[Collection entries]
--------

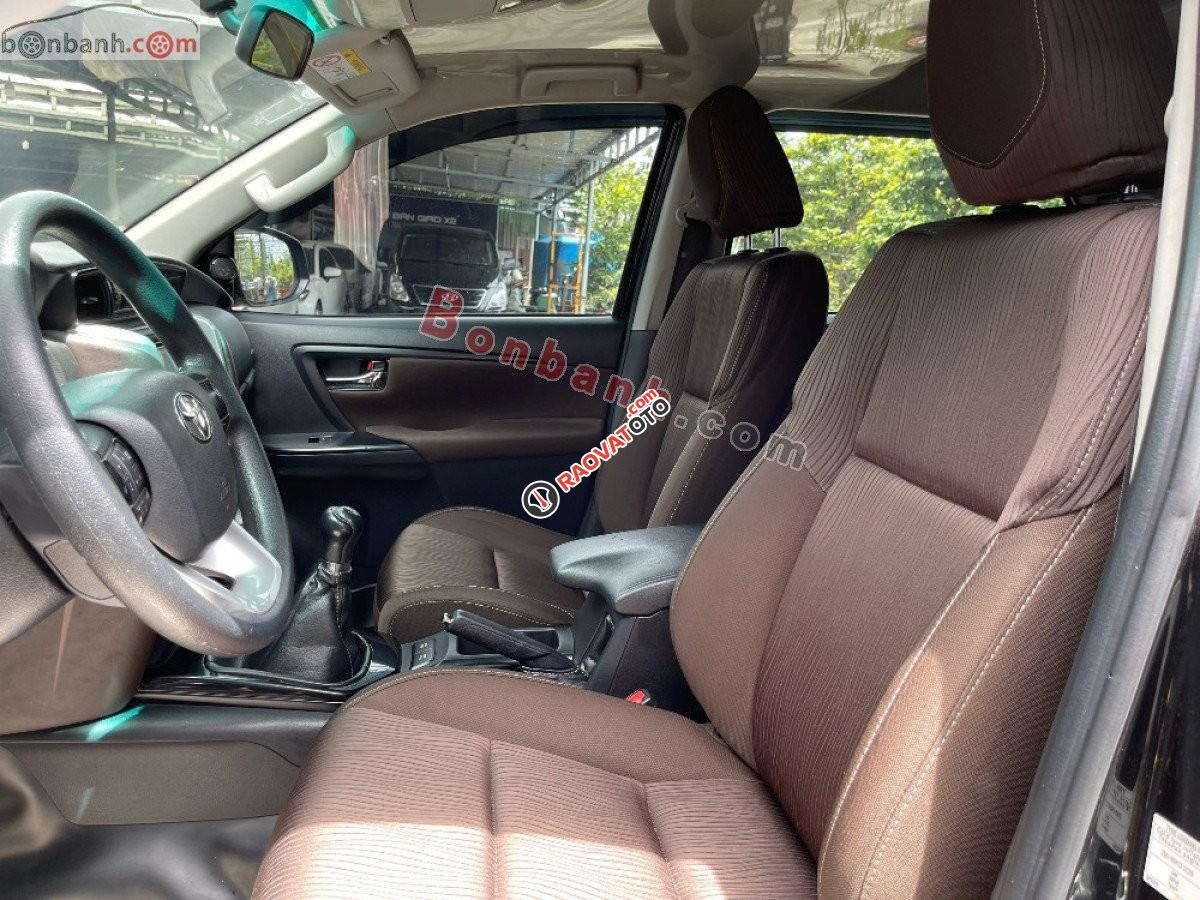 Cần bán Toyota Fortuner 2.4G 4x2 MT đời 2017, màu đen, nhập khẩu số sàn, 760tr-5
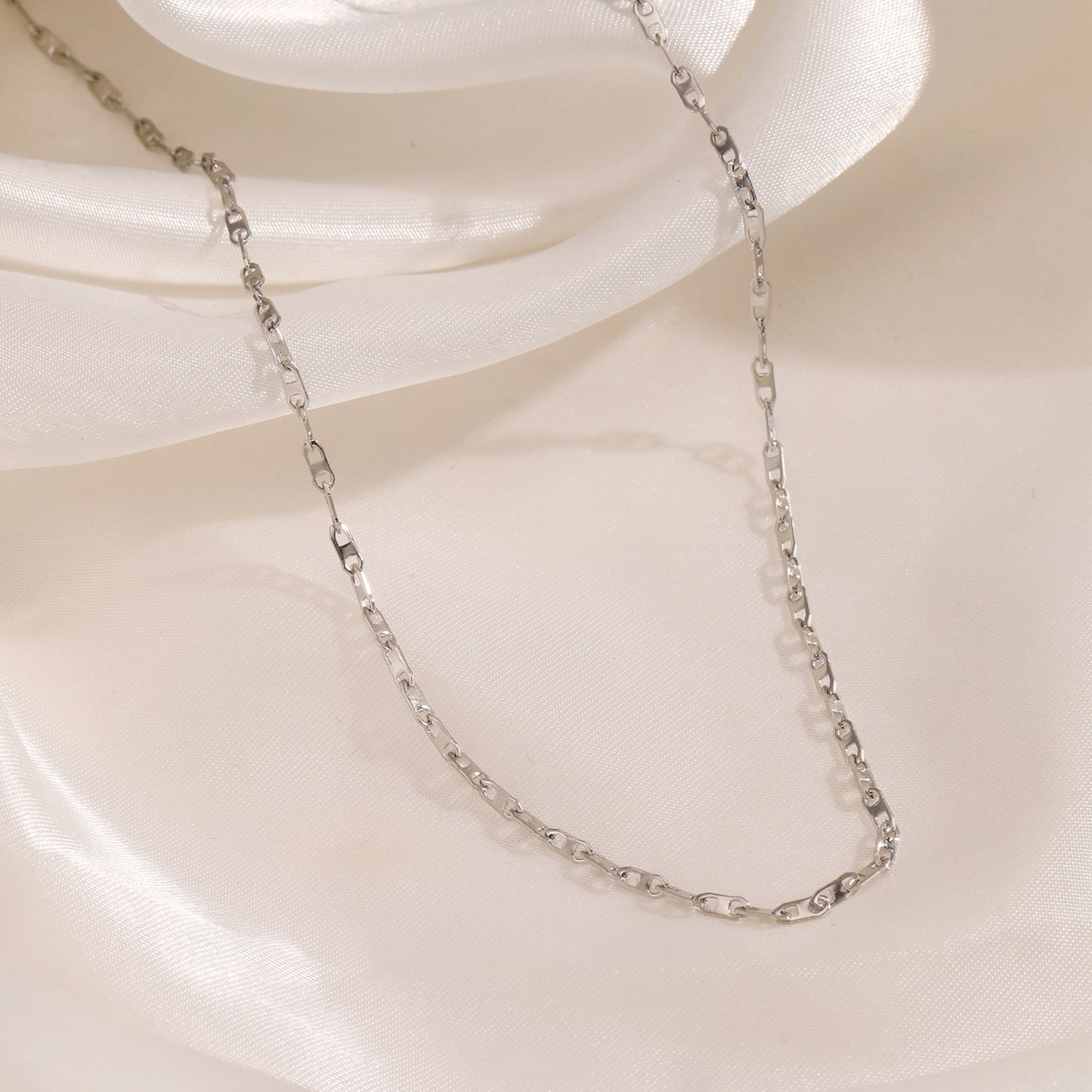 "SCHAKELS" ZILVEREN KETTING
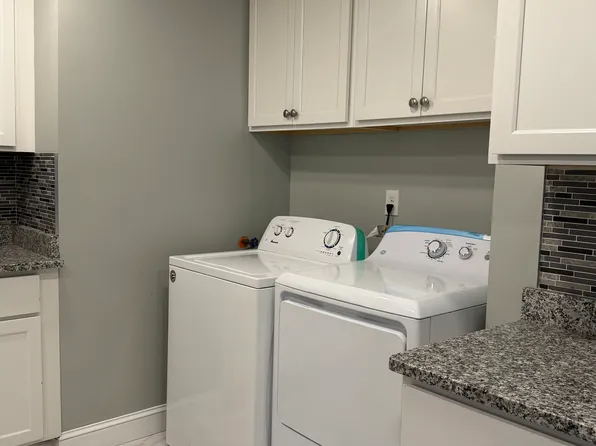 1000 Birchwood Dr, Newark, DE 19713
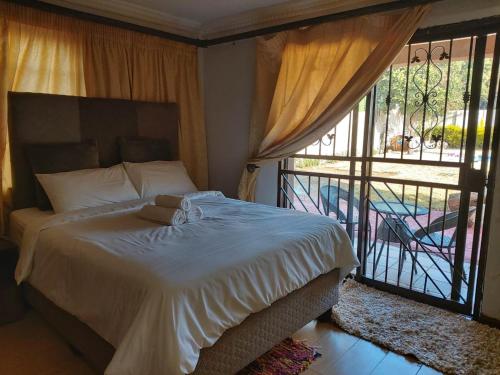 Gallery image of Ikhutseng guesthouse and spa in Pretoria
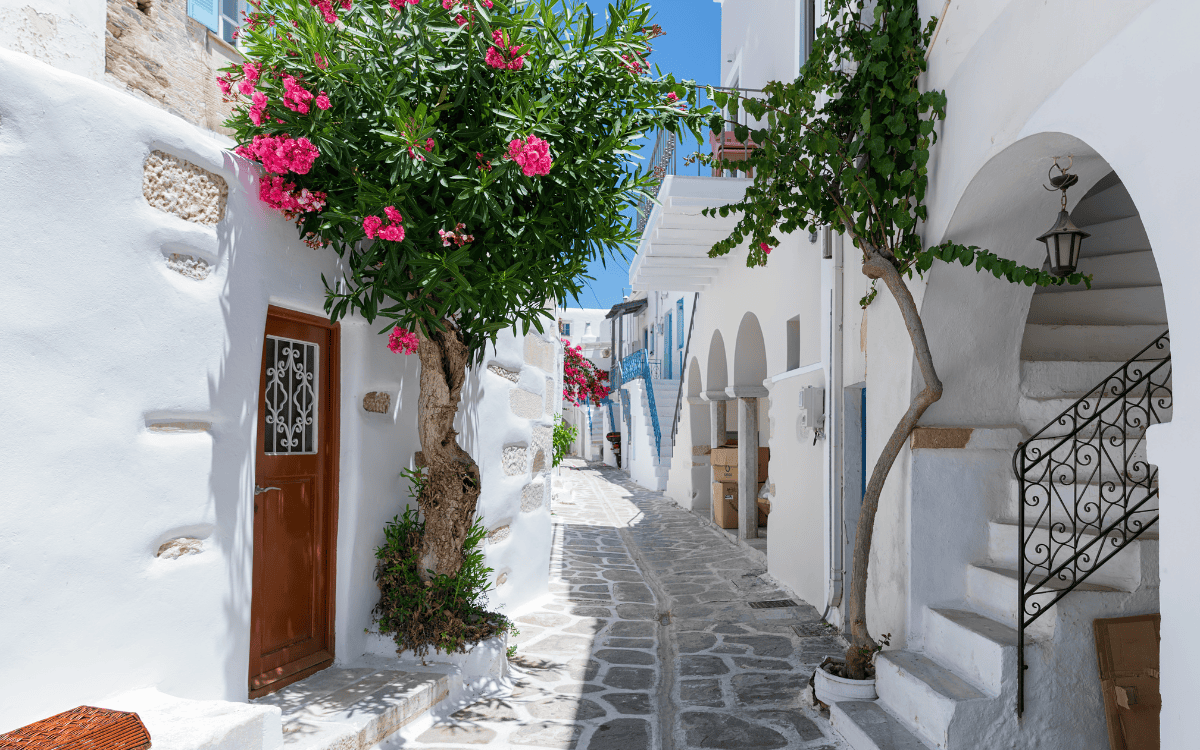 Greek Golden Visa: How to Invest in Real Estate and Obtain Residency Lựa chọn bất động sản phù hợp để đầu tư và lấy Golden Visa Hy Lạp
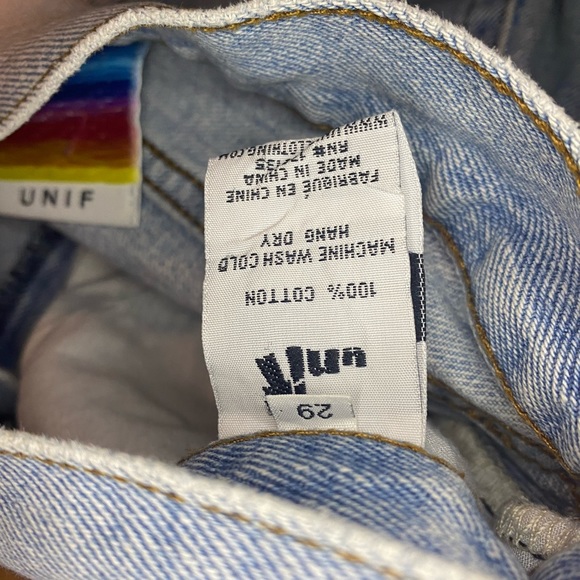 UNIF High Waisted Mom Jeans in light blue - Picture 6 of 7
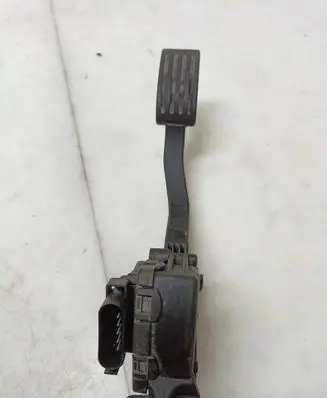 Ford C-MAX I Accelerator throttle pedal 3M519F836AE 00864110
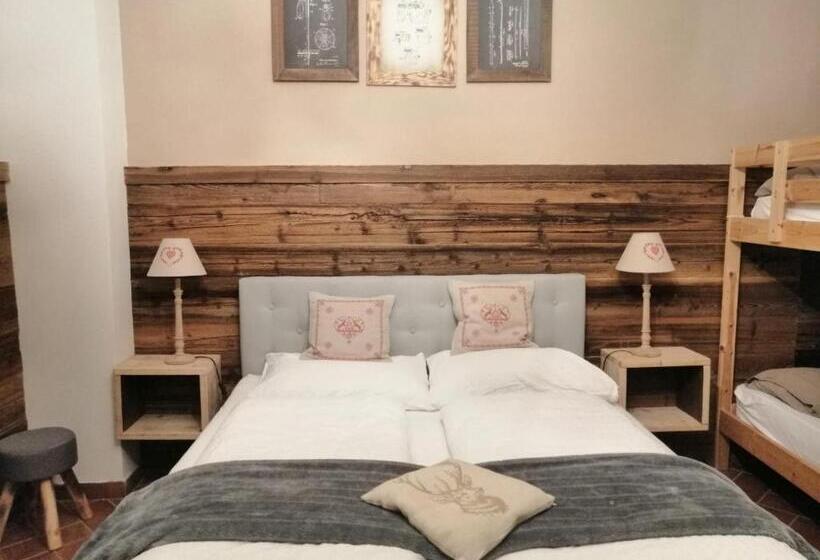 庭の見える１ベッドルームアパートメント, Casa Benassi ,room&suite , Con Zona Benessere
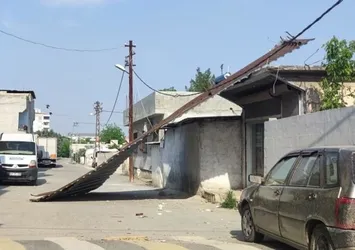 Gaziantep'i fırtına vurdu! Bazı evlerin çatısı hasar gördü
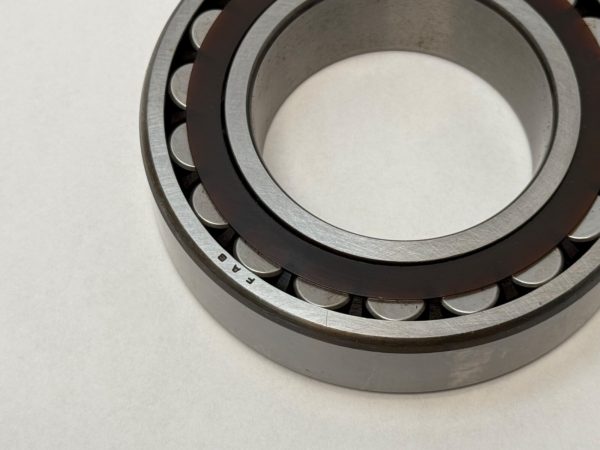 Spherical Roller Bearing – Tapered, 55 mm ID, 100 mm OD, 25 mm Width, Open, CN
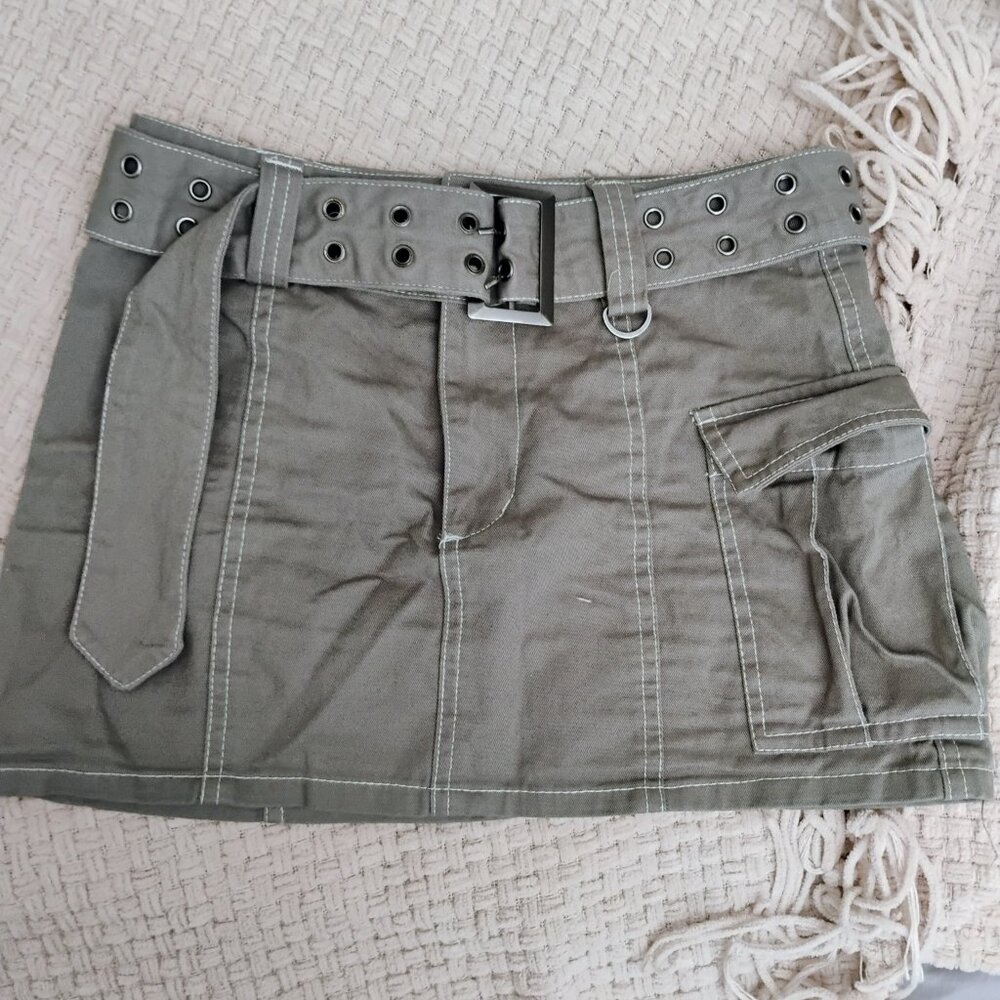 Forever 21 Green Cargo Skirt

--------

(Work item)
Reproduce all the data as it stands. The pictures are not part of the copy.

(Completed task)
 Cần bán Toyota Fortuner 2.4G 4x2 MT đời 2017, màu đen, nhập khẩu số sàn, 760tr-5
 "SCHAKELS" ZILVEREN KETTING
 1000 Birchwood Dr, Newark, DE 19713
 Gallery image of Ikhutseng guesthouse and spa in Pretoria
 Greek Golden Visa: How to Invest in Real Estate and Obtain Residency Lựa chọn bất động sản phù hợp để đầu tư và lấy Golden Visa Hy Lạp
 UNIF High Waisted Mom Jeans in light blue - Picture 6 of 7
 Ford C-MAX I Accelerator throttle pedal 3M519F836AE 00864110
 庭の見える１ベッドルームアパートメント, Casa Benassi ,room&suite , Con Zona Benessere
 Gaziantep'i fırtına vurdu! Bazı evlerin çatısı hasar gördü
 Spherical Roller Bearing – Tapered, 55 mm ID, 100 mm OD, 25 mm Width, Open, CN
 Forever 21 Green Cargo Skirt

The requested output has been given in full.